Les deux sections qui suivent viennent de la page d’aide de Zendesk. Modifiée le 1er mai 2026, relevée le 13 septembre 2026. Le reste est notre lecture.
Ce que Zendesk met à disposition
Un administrateur relie le constructeur d’actions à Claude. Les flux d’action appellent ensuite le modèle. Zendesk appelle actions externes les étapes d’un flux qui parlent à un système extérieur.
Les tâches citées : envoyer une consigne, résumer un texte, analyser le sentiment, extraire des mots-clés.
Ce sont des briques. Vous les assemblez dans un flux, et c’est l’assemblage qui décide du comportement.
Le choix du modèle
Au 13 septembre 2026, la page propose trois modèles au choix, avec ses propres libellés.

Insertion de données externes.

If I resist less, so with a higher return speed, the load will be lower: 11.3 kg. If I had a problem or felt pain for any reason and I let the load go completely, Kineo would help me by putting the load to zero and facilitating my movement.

Claude Opus 4.6 pour le raisonnement complexe. Claude Sonnet 4.6 pour l’équilibre entre performance et vitesse. Claude Haiku 4.5 pour les tâches simples et les gros volumes.
Ces libellés peuvent changer. La page d’aide fait foi pour votre compte.

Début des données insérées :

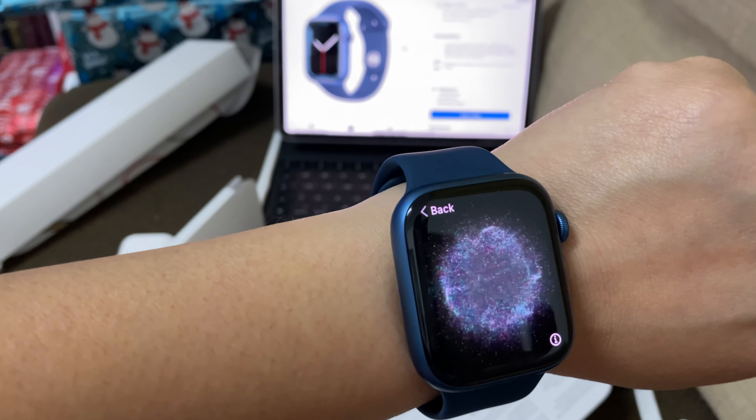So now I have to do pairing to my iPhone to get connected here in my watch. So now I have to do it!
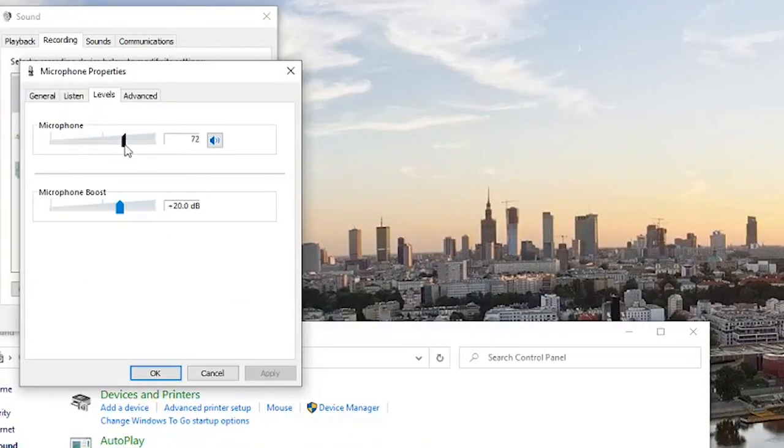Here you will be able to adjust your microphone level as well as the microphone boost. It's important to be mindful that if you boost the gain too much, you might have a little bit more distortion or background noise. So just adjust it to the point where you're happy with it and there's not too much distortion.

Pourquoi le support client est un cas à part
Sur un CRM, une erreur reste interne et quelqu’un la corrige. Sur un espace de documentation, un collègue la repère.
Ici, la sortie part au client.
C’est ce qui déplace la question. Le branchement est un travail d’administrateur. Décider à quel moment un flux répond seul prend une réunion avec les gens qui répondent aujourd’hui.
Nos quatre paliers d’autonomie, dans l’ordre
Ces quatre paliers sont notre découpage, pas une structure publiée par Zendesk. Il faut les monter un par un.
Palier un, rien ne sort. Résumer un ticket pour l’agent qui le prend. Proposer une catégorie. Extraire les mots-clés pour le routage. L’agent voit, décide, répond lui-même.
Palier deux, une aide à la décision. Détecter un client mécontent pour l’escalader plus vite. Là encore, personne ne reçoit rien d’automatique.
Palier trois, une proposition de réponse. Le flux rédige, l’agent relit et envoie. C’est le palier où le gain de temps devient visible. C’est aussi le dernier où un humain valide avant l’envoi.
Palier quatre, la réponse part seule. À réserver à des cas fermés, définis à l’avance, où la réponse est toujours la même. Un accusé de réception, un renvoi vers une procédure connue.
La plupart des équipes ont intérêt à rester longtemps au palier trois.
Ce qui se décide avant de brancher
Trois décisions se prennent avant le branchement, et elles s’écrivent.
Quels types de tickets peuvent recevoir une réponse automatique, nommés précisément. Ce qu’un flux ne traite jamais seul, par exemple une réclamation ou un litige de facturation. Et comment un client demande un humain, en une action évidente pour lui.
Zendesk recommande par ailleurs un compte de service dédié pour la gestion des clés d’API. C’est une bonne pratique standard, et elle évite qu’une clé disparaisse avec le compte de quelqu’un.
Ce que l’équipe doit savoir faire
Aucune des deux compétences utiles ici n’est technique.
Écrire la consigne qui cadre un flux. Ça suppose de savoir décrire le ton de vos réponses. Et ce qu’on ne promet jamais à un client.
Et relire une proposition de réponse en repérant ce qui cloche. Une réponse générée est polie et bien construite. Elle est donc plus difficile à corriger qu’une réponse maladroite.
C’est l’objet de la formation IA pour la relation client, qui se fait sur vos vrais tickets. Les usages du métier, indépendamment de l’outil, sont dans notre article sur l’IA au service client.
Le cadre écrit
Un flux qui parle aux clients mérite une ligne dans votre charte d’usage. Elle dit les paliers autorisés, et qui peut les changer. La trame est dans notre article sur la charte IA en entreprise.